BR student enjoys dinner at White House
Michael Prados was at his grandparents’ house when he heard he’d won a trip to the first-ever Kids State Dinner on Aug. 20 at the White House.
“Whenever we first heard, my dad was saying he taught me how to cook and my mom said she was my favorite parent,” Michael Prados, 12, of Baton Rouge, said. “I told them neither one of y’all going because y’all bickering about it.”
So it was Prados’ grandfather, also named Michael, who accompanied the St. George Catholic School seventh-grader and food blogger to Washington, where they joined 54 other kids and their guardians — and sat at first lady Michelle Obama’s right hand.
Michael Prados’ mother, Catherine Prados, said she was surprised to see the pair sitting next to the first lady.
“The only thing I could think of to say was ‘Mind your manners,’ ” she said.
Prados came to be sitting there by winning Louisiana’s seat in the Healthy Lunchtime Challenge, a contest judged by the first lady’s Let’s Move program to fight childhood obesity, Epicurious and the Departments of Education and Agriculture. His recipe, Fish Tacos, is “both healthy and delicious,” Michael Prados said.

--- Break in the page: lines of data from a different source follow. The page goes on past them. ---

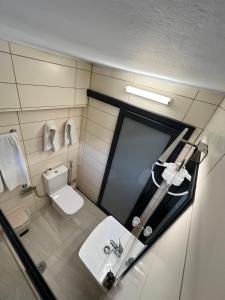 Een badkamer bij Hotel Primavera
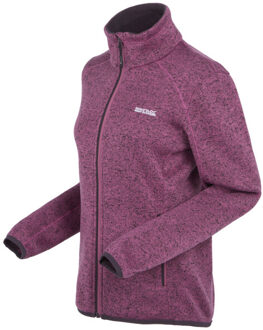 Regatta Dames newhill marl full zip fleecejack Paars - 44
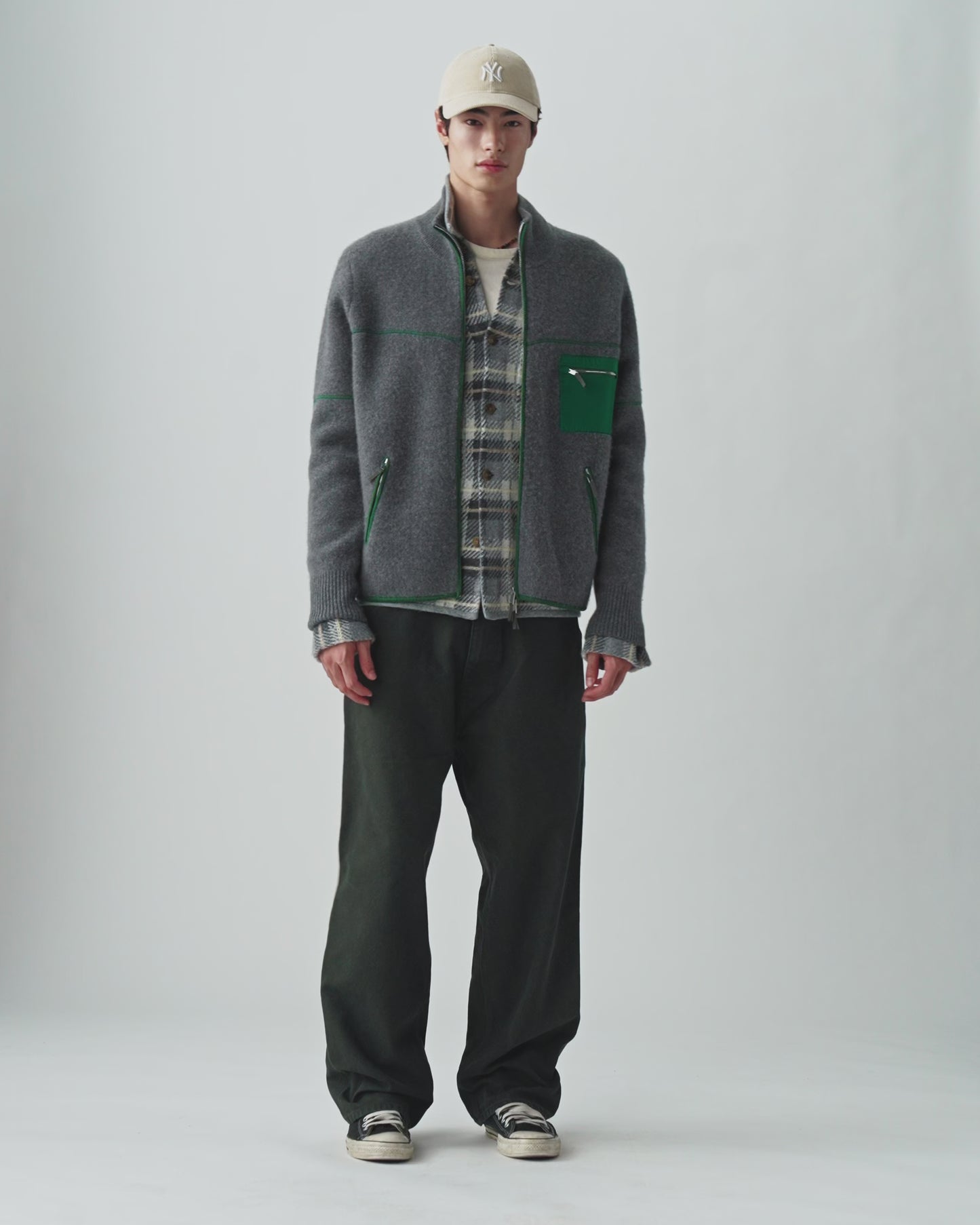 Felted Louis Jacket - Charcoal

He’s been cooking for an audience — readers of his Jr. Food Critic blog — for about four years. The blog started as a quest for Baton Rouge’s perfect potato soup.
“He had a big fondness for potato soup,” Catherine Prados said. “We went around one summer looking for the best potato soup in Baton Rouge. We started writing them down on a dry-erase board.”
Then dad, Sean Prados, intervened, saying it was the computer age and it was time for a more tech-savvy method of keeping up. Thus was born Jr. Food Critic, which eventually branched out into restaurant reviews and recipes. Oh, and the winning potato soup? La Madeleine Country French Café.
Michael Prados said the family worked on the recipes to keep them kid-friendly, like removing cutting up vegetables. The Jr. Food Critic potato soup, for instance, uses frozen hashbrowns instead of cubed raw potatoes. And his Fish Tacos use bagged coleslaw to avoid chopping cabbage.
Michael Prados says his and the other children’s healthy recipes were the main topic of conversation at the Kids State Dinner — until they got a surprise visitor. President Barack Obama popped in for a few minutes during the event.
“He came in unannounced,” Prados said. “It was a big shock to everybody.”
The trip also included a visit to the White House garden (it was “huge,” according to Michael Prados), and to the Smithsonian Institute to see the Julia Child exhibit, which featured a recreation of the famous chef’s kitchen.
He says he hasn’t tried any of Child’s recipes yet, but that he understands they’re really good.
Unfortunately, Michael Prados will be too old to tackle another Healthy Lunchtime Challenge, but he says he’ll continue to blog and to support the idea.
“I really hope that they keep doing it,” he said. “I really hope that more kids come up with more cool, healthy recipes.”